MARIA TALLCHIEF ''Americans first Prima Ballerina'' Native American Heritage Month
Category: History & SociologyVia: kavika • 3 years ago • 12 comments
This is a very long article about Maria Tallchief and the ''Five Moons''...American's first Prima Ballerina and the five native women that conquered the world ballet field.
BETH MARIA TALLCHIEF is famous for being the first American prima ballerina for the New York City Ballet. Born in Fairfax, Oklahoma, 1925, Maria's father was an Oasge Indian tribal chief.
She was originally known to family and friends as Betty Marie, but took on the stage name Maria Tallchief. Her Indian name is Wa-Xthe-Thomba ("Woman of Two Worlds").
Maria's younger sister, Marjorie Tallchief, is also a world-famous ballerina and the first American Indian to be "première danseuse étoile" of the Paris Opera Ballet . The dancing sisters enjoyed enormous artistic success during their long professional careers, and they founded the Chicago City Ballet in 1980.
"If anything at all, perfection is finally attained not when there is no longer anything to add, but when there is no longer anything to take away."- Maria Tallchief
Young Maria Tallchief professional American ballerina star pictured leaping in perfect form, photograph courtesy of New York City Ballet Archives.

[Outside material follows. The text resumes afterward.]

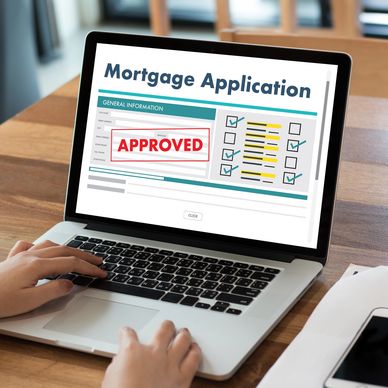 Person viewing an approved mortgage application on a laptop with a smoothie and phone nearby.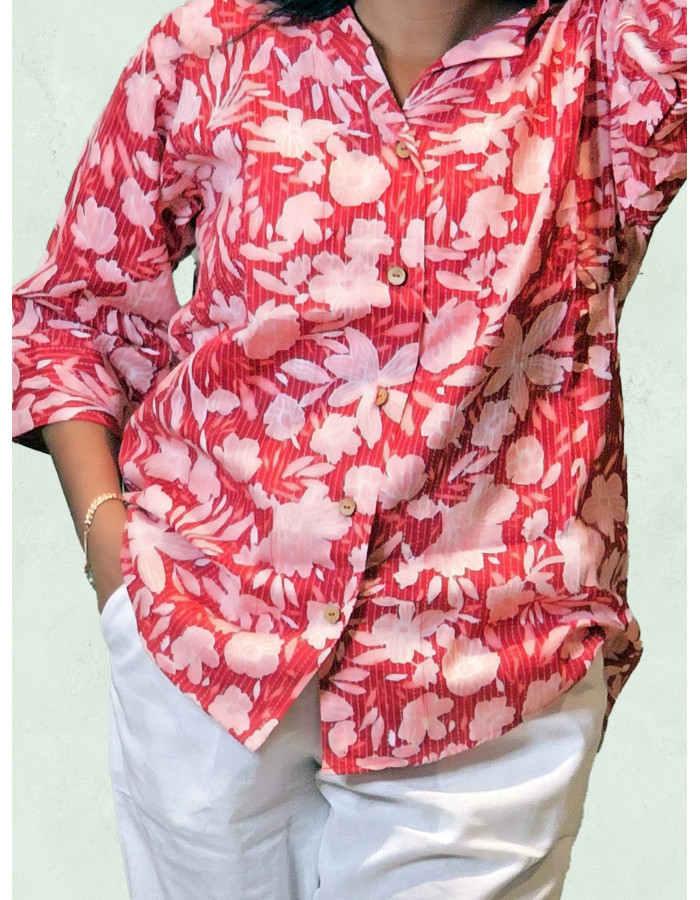 A model wearing Red Floral Printed Cotton Shirt For Women A model wearing Red Floral Printed Cotton Shirt For Women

PLAY "Pas de Dix" (Balanchine) TV Performance, 1957 — Maria Tallchief and Andre Eglevsky.
"Maria Tallchief took what had been a European art form and made it America's own — how fitting that a Native American woman would do that.
"George Balanchine once told audiences not to analyze ballet. 'Words cannot describe it,' he said, 'you cannot explain a flower.' So it's impossible to explain the radiance and grace of Maria Tallchief."- President William J. Clinton said at The White House as he presented the National Medal of the Arts to Maria in 1999.
In 1933 Maria moved to Beverly Hills with her family and studied ballet with Bronislava Nijinska until she was 17, at which time she moved to New York City and joined the Ballet Russe de Monte Carlo where she quickly became a featured soloist.
It was in New York City where she met her first husband, Russian-born choreographer George Balanchine — they were married in 1946 (Maria was 21), and divorced in 1952. They did not have any children together.